Ada yang terus mengarahkan hidup kita hari ini, tapi tak bisa disentuh.
Tak berbentuk. Tak bernapas. Tapi ia mencatat segalanya.
Ia tahu kapan aku rapuh. Kapan aku membeli. Kapan aku diam lebih lama menatap sesuatu.
Sekali lagi, namanya algoritma. Sederhana. Tapi di balik nama itu tersembunyi kekuatan yang pernah kita anggap milik Tuhan:
Kekuatan untuk mengenal manusia, tanpa benar-benar mencintainya.
Aku mulai sadar, pilihan-pilihan yang kuanggap milikku---mungkin hanya sisa-sisa ruang yang belum dikuasainya.
Musik yang kupilih, orang yang kutaksir, berita yang kutanggapi dengan marah,
semuanya sudah disusun, dikelompokkan, dikemas,
lalu disuguhkan kepadaku dengan bahasa paling halus:
"Ini kamu."
Tapi... benarkah?
Atau jangan-jangan...
"Aku" yang kumaksud bukan lagi aku.
Melainkan aku versi statistik, versi klik, versi pola---versi yang bisa dijual.
Dulu, kita menciptakan alat untuk membantu kita hidup.
Sekarang, alat itu mengajari kita bagaimana hidup.
Ia tidak mengajarkan makna.
Ia hanya memandu efisiensi.
Ia tidak mengenal kesedihan, harapan, atau pertaubatan.
Ia hanya mengenali pola.
Dan kita menari di dalamnya, mengira itu pilihan.

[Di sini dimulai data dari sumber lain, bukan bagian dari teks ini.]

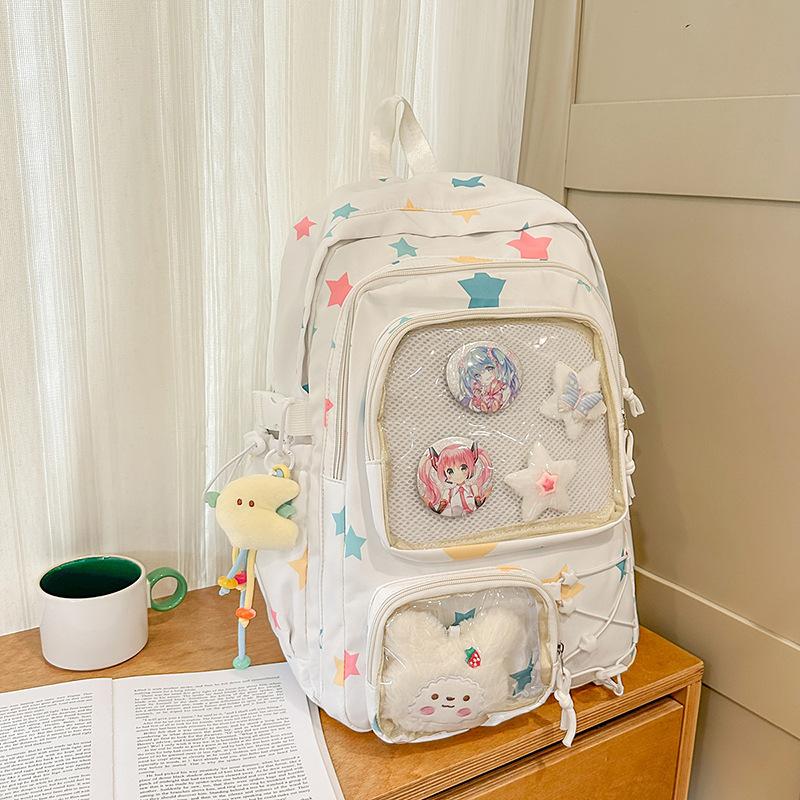 New Girls High-value Commuting Campus Junior High School High School Students Large-capacity Ins Travel Pain Bag Backpack Women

Aku membaca kembali kalimat Harari yang pernah menamparku dalam diam:
"Algoritma mengenalmu lebih baik dari dirimu sendiri."
Karena ia tidak percaya air mata. Tidak tersentuh rayuan. Tidak tertidur.
Ia hanya menghitung.
Dan justru karena itu, ia tak peduli apakah hidupku bermakna.
Ia hanya peduli... apakah aku klik lagi.